Gene set enrichment analysis
Gene set enrichment analysis (GSEA) was applied to the mass spectrometry data. Briefly, missing values of mass spectrometry data were imputed and log2 fold changes of protein expression were computed for every protein and for all three 5’isomiR-183-5p compared to the control group. Protein identifiers were linked to the encoding genes for further downstream analyses. Gene set enrichment analysis was performed on the pre-ranked gene list using the Hallmark Gene Set Collection (version 7.3), a weighted enrichment statistic and default parameters of GSEA software [36–38]. The analyses were summarized in a bubble heatmap depicting the normalized enrichment score (NES) and the false discovery rate (q-value). To show individual GSEA graphs, we used an adapted version of the replotGSEA function from the Rtoolbox (https://github.com/PeeperLab/Rtoolbox) to re-arrange the output of the GSEA tool.
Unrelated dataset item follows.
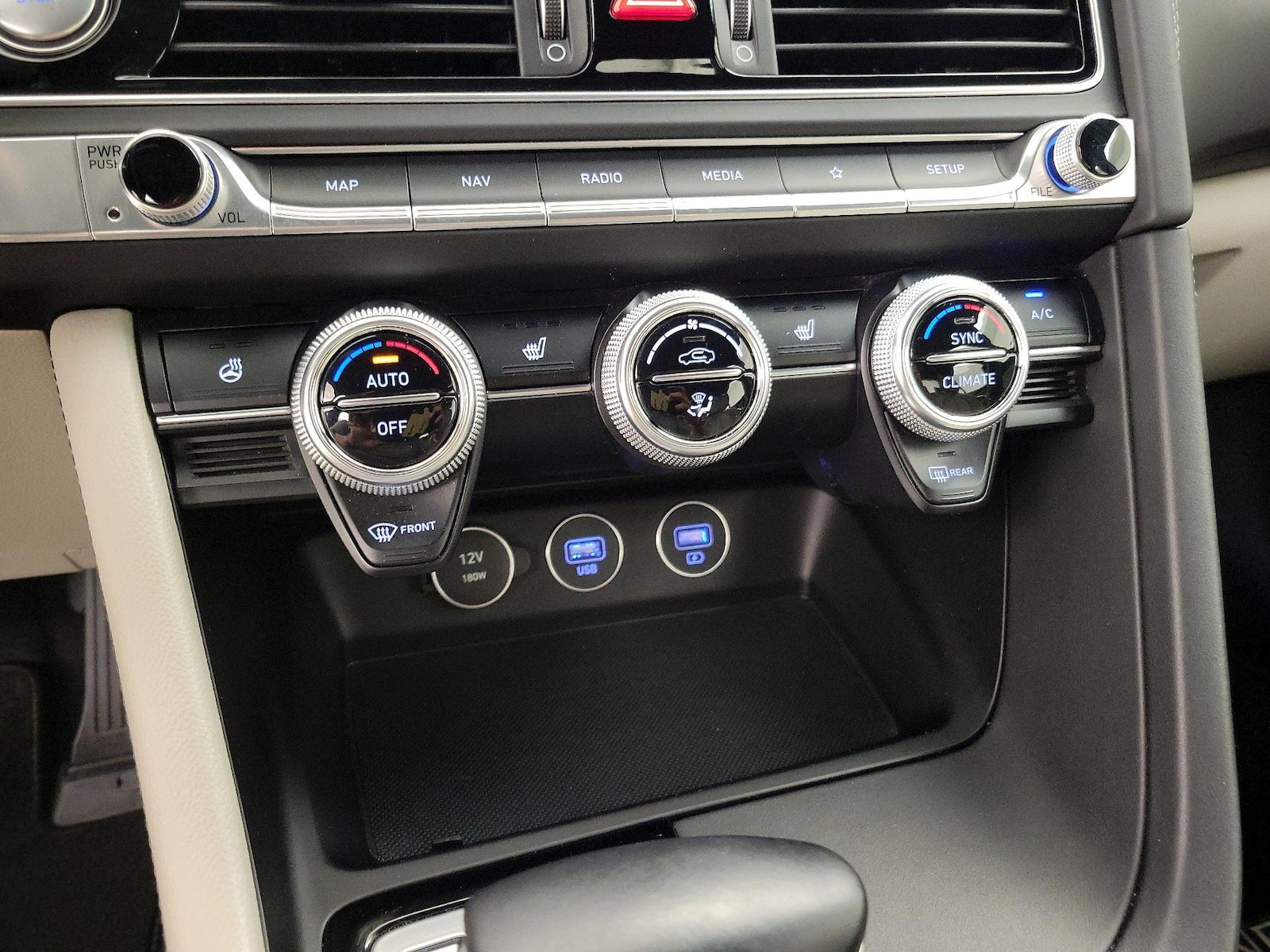 2023 GENESIS G70 Standard - Photo 18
Gene set enrichment analysis of TNBC patients from TCGA and METABRIC datasets was performed to investigate the correlation between isomiR expression and the activity of the E2F and other pathways in these patients, again using the Hallmark Gene Set Collection [38]. To address this, batch-corrected expression of the respective isomiR (TCGA data) or microarray-based expression values for miR-183-5p (METABRIC data) were converted to ranks across patients and used as parameter. Ranked mRNA expression data were used as an input file. The collection of Hallmark gene sets was used [38]. Thereby, Spearman correlation coefficients between isomiR/miR and genes were used as a ranking metric and 1000 permutations were performed by phenotype to assess statistical significance. The results were visualized in a bubble heatmap depicting the normalized enrichment score (NES) and the false discovery rate (q-value).
Graphical illustration and statistical analysis
For analyses performed in R, we used R version 4.0.2 or 4.0.3 (R Core Team 2020. R: A language and environment for statistical computing. R Foundation for Statistical Computing, Vienna, Austria. URL https://www.R-project.org/) and RStudio (RStudio Team, 2020. RStudio: Integrated Development Environment for R. RStudio, PBC, Boston, MA. URL http://www.rstudio.com/). Graphs were either generated using base R or using ggplot2 (version 3.3.3) [39] if not stated differently.
For heatmap visualization of the z-scaled mass spectrometry results, the pheatmap package (version 1.0.12) [40] was used. Distance measures between rows were calculated by the Pearson correlation coefficient and clusters were compared by complete linkage.
If not mentioned differently, data are presented as mean ± SD. Statistical analysis was performed by two-tailed Student’s t-test using GraphPad Prism (version 9.3.0) and p-values < 0.05 were considered statistically significant. p-value < 0.05, < 0.01 and < 0.001 are indicated with one, two and three asterisks respectively.